Vuelven los insumisos

                           

 "Advertimos al gobierno que no cesaremos en nuestra batalla por la libertad ideológica, de enseñanza y conciencia" -Leonor Tamayo, coordinadora del Encuentro Nacional de Objetores-

                                       

 Admiro la resistencia numantina de esos padres objetores a Educación para la Ciudadanía que el sábado se reunieron en Madrid para proclamar que siguen en la lucha. Les da igual lo que diga el Supremo; están dispuestos a todo para evitar que sus niños sufran el lavado de cerebro con que ZP quiere convertir a la tierna infancia española en gays, ateos o algo peor.

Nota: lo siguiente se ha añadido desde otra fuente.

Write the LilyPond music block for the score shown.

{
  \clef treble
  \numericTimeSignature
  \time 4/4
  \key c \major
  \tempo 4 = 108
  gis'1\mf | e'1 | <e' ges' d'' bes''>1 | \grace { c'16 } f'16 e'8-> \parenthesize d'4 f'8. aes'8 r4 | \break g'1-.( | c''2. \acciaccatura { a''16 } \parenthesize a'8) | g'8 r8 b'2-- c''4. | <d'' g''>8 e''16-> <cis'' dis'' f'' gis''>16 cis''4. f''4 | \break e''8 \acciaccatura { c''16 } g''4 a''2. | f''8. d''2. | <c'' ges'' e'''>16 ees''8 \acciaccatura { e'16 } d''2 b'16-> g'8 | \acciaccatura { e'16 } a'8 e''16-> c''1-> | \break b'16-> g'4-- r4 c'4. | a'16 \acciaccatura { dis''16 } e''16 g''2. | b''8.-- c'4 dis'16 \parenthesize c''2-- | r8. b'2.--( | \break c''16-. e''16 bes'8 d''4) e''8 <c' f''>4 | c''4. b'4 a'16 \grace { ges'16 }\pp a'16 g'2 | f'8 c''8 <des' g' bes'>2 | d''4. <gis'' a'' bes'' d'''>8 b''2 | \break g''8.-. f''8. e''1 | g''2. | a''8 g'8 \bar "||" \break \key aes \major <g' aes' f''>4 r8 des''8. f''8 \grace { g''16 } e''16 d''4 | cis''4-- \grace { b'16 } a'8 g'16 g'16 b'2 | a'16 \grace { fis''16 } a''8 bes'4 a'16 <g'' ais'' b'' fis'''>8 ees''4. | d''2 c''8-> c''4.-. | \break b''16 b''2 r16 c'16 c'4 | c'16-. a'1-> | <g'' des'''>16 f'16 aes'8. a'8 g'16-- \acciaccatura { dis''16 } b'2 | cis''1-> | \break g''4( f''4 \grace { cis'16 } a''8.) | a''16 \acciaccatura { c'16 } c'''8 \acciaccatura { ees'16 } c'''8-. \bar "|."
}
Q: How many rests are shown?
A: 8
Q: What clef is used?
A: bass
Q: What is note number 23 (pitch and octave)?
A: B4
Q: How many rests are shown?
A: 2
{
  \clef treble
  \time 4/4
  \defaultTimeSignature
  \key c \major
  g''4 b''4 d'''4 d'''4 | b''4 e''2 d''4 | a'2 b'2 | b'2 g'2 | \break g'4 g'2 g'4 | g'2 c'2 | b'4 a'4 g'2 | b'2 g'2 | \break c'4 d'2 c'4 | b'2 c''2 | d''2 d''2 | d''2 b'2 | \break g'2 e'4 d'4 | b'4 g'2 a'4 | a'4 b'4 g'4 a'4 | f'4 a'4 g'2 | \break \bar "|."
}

Como el Supremo ha negado el derecho a objetar, los padres han dejado de ser objetores para convertirse en insumisos. Un movimiento de desobediencia que coincide en fechas con una conmemoración nada casual: hace veinte años que por primera vez unos jóvenes se declararon insumisos contra el servicio militar. ¿Lo recuerdan? Pues aquí están estos padres valientes, a recoger el testigo.

Los paralelismos son evidentes, no me digan que no: como los insumisos a la mili, tampoco los insumisos a la asignatura se detienen ante nada. Si aquéllos acababan en la cárcel, estas familias son capaces de no llevar a sus hijos a clase durante la hora de asignatura. Si los desertores del ejército se arriesgaban a la muerte civil por inhabilitación, los padres resistentes exponen a sus hijos a un traumático suspenso. Vale que no repetirán curso, pero que te quede una ya es terrible.

En ambos casos la lucha es altruista: los antimilitaristas rechazaban los ejércitos; los anti-ciudadanía velan por nuestras libertades, no sólo por sus hijos. Gracias, héroes. Yo estoy deseando que mis hijas tengan edad de sufrir la asignatura para encadenarme a la puerta del colegio.